The Oruro Carnival, celebrated every year, was inscribed on the Representative List of the Intangible Cultural Heritage of Humanity in 2008 and has been declared a “masterpiece of the oral and intangible heritage of humanity” by the United Nations Educational, Scientific and Cultural Organization (UNESCO) since 2001, as it constitutes an expression of Bolivia’s extraordinary identity and rich cultural diversity and heritage.
The city of Oruro, Bolivia —a significant pre-Columbian ceremonial center before its refoundation by the Spaniards in 1606— remained a sacred region for the Uru people despite the Spanish ban on the traditional ceremonies of the Great Festival of Ito. With the ceremonies maintained under the disguise of Christian liturgy and hiding Andean gods behind Christian icons to ultimately turn them into saints, the Festival of Ito then became the Festival of La Candelaria (February 2), with the Diablada as its chief dance and the Virgin of Socavon (the Virgin of the mining fields) as its main reference.

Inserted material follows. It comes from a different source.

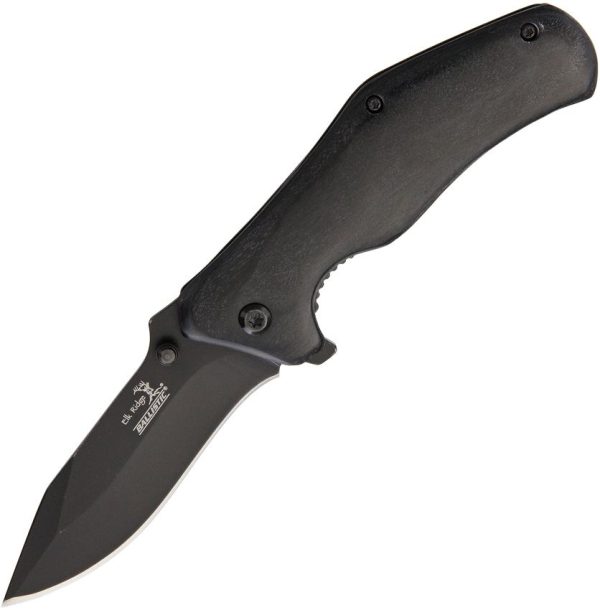 Elk Ridge Linerlock Black A/O Wood Handle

The renowned Oruro Carnival is celebrated for six days every year, between the months of February and March. It gathers more than 28,000 dancers, 10,000 musicians, and more than 50 dance organizations as part of the Procession (or Entrada) —the main event of this celebration—, which extends throughout the Oruro city streets in an uninterrupted four-kilometer procession, allowing visitors to experience and share firsthand the richness and cultural mix between the original traditions of yesteryear and Christian liturgies.
The Diablada, Morenada, Caporales, Tinku, P´ujllay and all of the other dances derive from other carnivals and festivals throughout Bolivia, such as the carnivals of yesteryear (Sucre), the Corso de Corsos (Parade of Parades), the Carnival of Concord (Cochabamba), the Miner Carnaval (Potosi), the Entrada del Gran Poder (La Paz), the Fiesta Grande de Santa Cruz, among others, which can be visited in Bolivia and which offer so much to share.
The Alasitas festivity, which means “buy from me,” in Aymara, is celebrated on January 24 in La Paz and on other dates in the rest of the Plurinational State of Bolivia. It is a cultural expression that dates back to ancient ancestral and pre-Columbian Tiwanaku traditions, namely, the celebration of fertility, Qapaq Raymi or the Great Festival of the Sun held on December 20, a day before the Summer Equinox (December 21), which included rituals for the renewal of the fertility of people, land, animals and all beings in general, with the Illas, “the children of lightning”, representing the spirit of the Ekeko, the god of abundance.
The illa is an amulet to attract fertility and economic and spiritual abundance, lacking the desire for accumulation of material goods. This idol was recovered in November, 2014 from a museum in Bern, Switzerland.
The evolution of the Alasitas festival resulted in the Ekeko, the “God of Abundance”, which is a folkloric portrayal of the illa, dressed in a hat and carrying food, money, vehicles, houses, and other goods represented in miniature.
The tradition is to buy a miniature crafted good representing what one needs the most in a particular year and have a yatiri [Andean shaman], and oftentimes a priest, bless the craft (called the act of ch’alla) in order for it to come true.